- [Assignment]: Practice item. Set the material below down again exactly, with no pictures.

- [Given data]:
◇ ◇ ◇ ◇ ◇

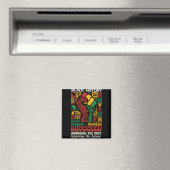 Schwarzer Geschichtsmonat Afrikaner Glauben Erreic Magnet (In Situ (Geschirrspüler))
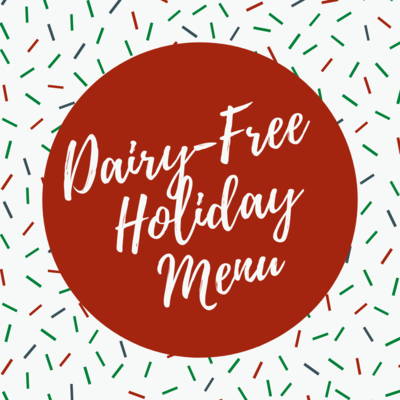 Dairy-Free Holiday Menu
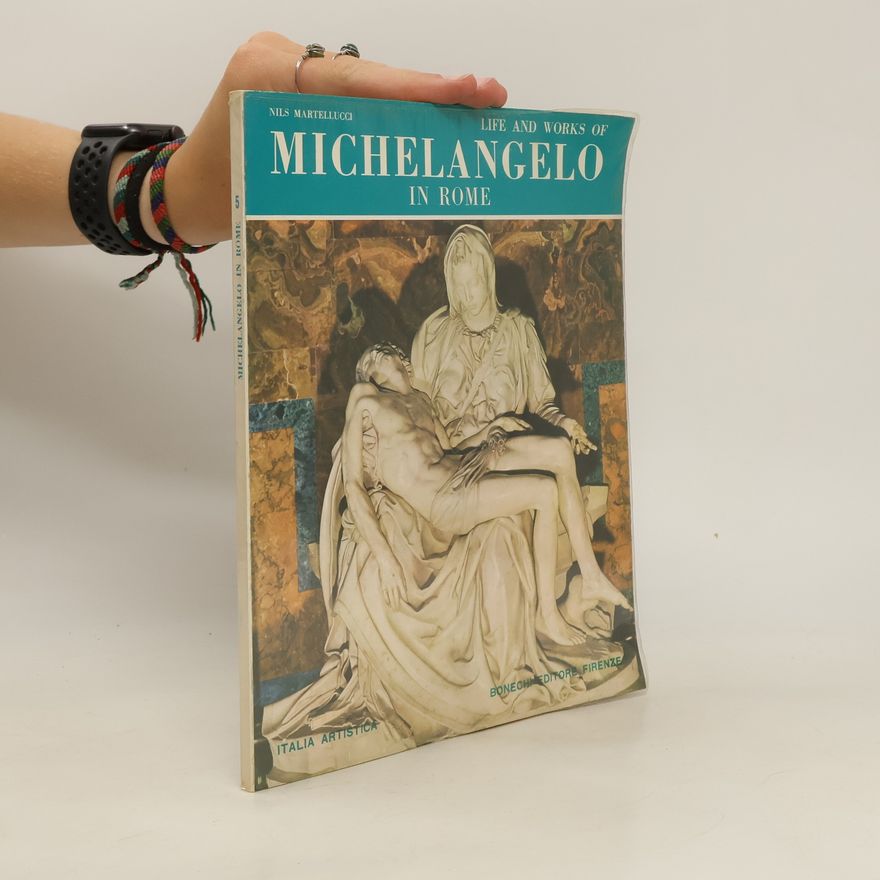 Nils Martellucci Life and Works of Michelangelo in Rome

◇ ◇ ◇ ◇ ◇

- [Reply to the exercise]:
 Schwarzer Geschichtsmonat Afrikaner Glauben Erreic Magnet (In Situ (Geschirrspüler))
 Dairy-Free Holiday Menu
 Nils Martellucci Life and Works of Michelangelo in Rome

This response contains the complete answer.